Building an AI assistant for RFP responses
Bernard Aceituno
@bernaceitunoLeverage AI to draft effective RFP responses
Crafting compelling responses to Request for Proposals (RFPs) can make the difference between winning and losing valuable opportunities. Stack AI, a no-code orchestration tool designed for building applications with large language models, puts the power of AI in your hands, enabling you to create an RFP assistant to transforms your response process.
With Stack AI, you can develop an intelligent assistant that analyzes RFP documents, extracts crucial information, and generates high-quality, tailored responses. This AI-powered approach streamlines your workflow, saves time and resources, and ensures consistency across all your RFP submissions.
As you connect your knowledge bases to Stack AI, your AI assistant will adapt to your company's unique value proposition and writing style. Your assistant will produce increasingly persuasive and polished responses that showcase your organization's strengths and capabilities.
In this blog post, we will walk you through the process of building an AI-driven RFP assistant using Stack AI. We will explore the features and benefits of this no-code tool and provide a step-by-step guide on integrating your AI assistant seamlessly into your existing RFP workflow. By the end of this post, you will have the knowledge and tools to harness the power of AI and gain a competitive advantage in winning new business through impactful RFP responses.
Architecting a solution
The key requirements for a solution are as follows:
- Inputs: the system must receive an RFP, as a document, and a user request on what section to draft.
- Knowledge Base: the system must connect to existing business knowledge on previous RFP responses, company overview, and company talent.
- Reasoning: the solution must find the relevant information from the knowledge base and reason over the RFP to fulfill the user task. User tasks can include: finding the right leadership for a project, listing previous example projects, or draft the introduction to a response.
These requirements must be bundled into a user interface that can be privately shared with the RFP response drafting team. These requirements translate into the following components:
- Document Parsing: the ability to process the RFP document and extract text for downstream processing.
- Semantic Search: a mechanism to surface all the relevant information from the company knowledge base in order to fulfill user requests.
- Large Language Model: the core of the system is an AI model that can aggregate information from the semantic search engine and the parsed RFP in order to synthesize responses to user requests.
Combining these components results in a reliable system to synthesize business knowledge into effective responses to RFPs.
Using Stack AI
The key requirements to implement this system are readily available as modules and settings inside of the Stack AI platform. More specifically, we need to leverage:
-
Inputs:
- Text Input: representing the user request.

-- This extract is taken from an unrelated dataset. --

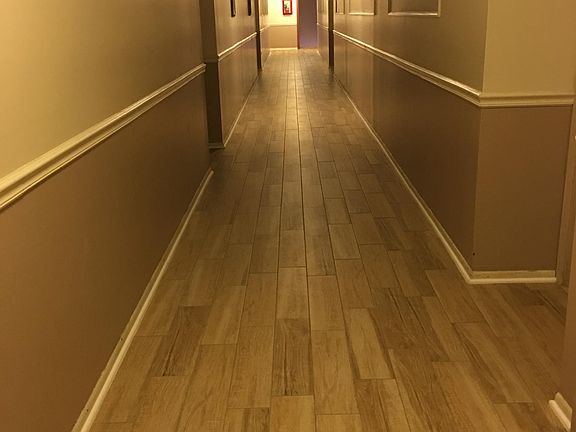 3rd image of 555 Deepwoods Dr APT 3L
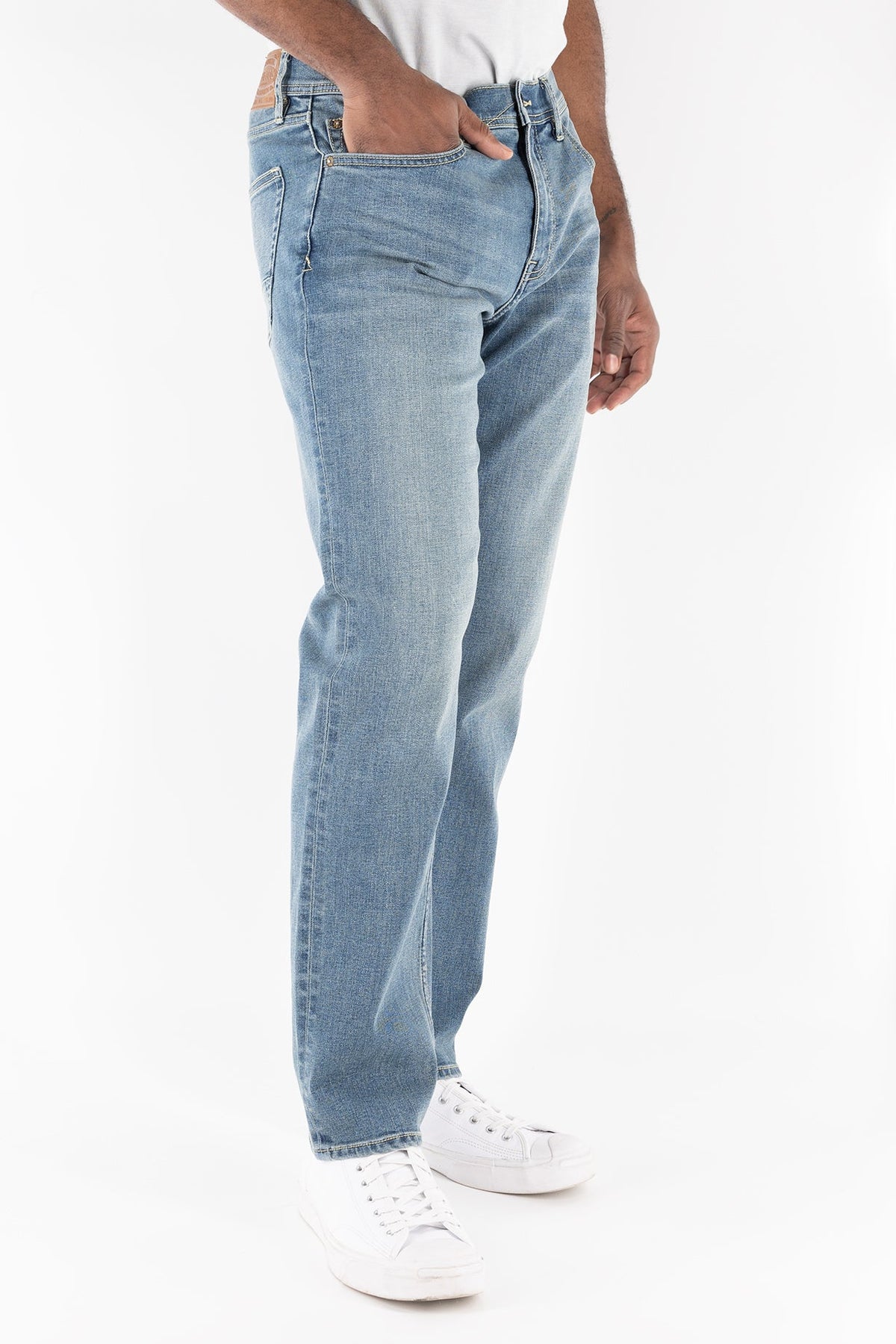 Men’s DEVIL-DOG Oxford Light Wash athletic fit stretch denim jeans with roomier thigh fit and modern tapered leg styling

- Document Input: representing the incoming RFP. We configure this input to run Advanced Data Extraction and expose it to the user.
-
Knowledge Bases: Three knowledge bases that store the different sources to run semantic search. Each knowledge base is configured to import data from Sharepoint, Google Drive, Onedrive, or directly upload the files to Stack AI. We will query each knowledge base based on the users request.
- Resume Knowledge Base: a library of resumes with the talent of the company, uploaded in .pdf or .docx format.
- RFP responses Knowledge Base: a collection of previous RFP responses uploaded in .pdf format.
- Company Assets Knowledge Base: the set of documentation describing the company profile, mission, vision, history, and offerings.
-
Large Language Model: An AI that can combine the context from the knowledge bases, the user request, and the incoming RFP. Since this language model must receive entire documents, we will require a model with a large context window. In this case, we select
claude-3-opus
from Anthropic, since it supports 200k tokens and offers top-tier reasoning capabilities. We configure the language model under:- Instructions: Three sentences describing the task. One sentence describing the different data sources involved. The context from the knowledge bases to answer the user request, demarked with xml tags for clarity.
- Prompt: A simple message with the incoming RFP and the user request to fulfill.
- Output: The response of the language model streamed.
These components are connected under the workflow of:
Inputs ➡️ Knowledge Bases ➡️ Large Language Model ➡️ Output
Putting it together
We implement this workflow in Stack AI using the instructions above, using Sharepoint as our knowledge base, resulting in the following project:
Once we complete uploading all the relevant data to the knowledge bases, we can save the project and publish it! Then, we proceed to export it.
We recommend exporting this application under a Form interface
In the export section, we will:
- Select Form.
- Go to General and give a name to our assistant.
- Go to General > Inputs, and select
in-0
anddoc-0
.
The access the URL to interact with our assistant as shown below:
Conclusion: A Smarter Way to Work
Congrats! now we have completed implementing an AI assistant to complete RFP responses. Example of tasks include:
- Provide me with a leadership section for the project proposal.
- Draft an intro section describing our company with a focus on this project.
- Generate a table describing other long-span bridge projects.
However, this is not the end. You can further customize your AI assistant to assist you filling RFPs by leveraging more sources of data, e.g. Google Search, Snowflake data, or Internal documentation. You can also add additional Language Models to your workflow tasked with completing specific tasks, such as drafting different sections of the RFP or extracting key details from the RFP.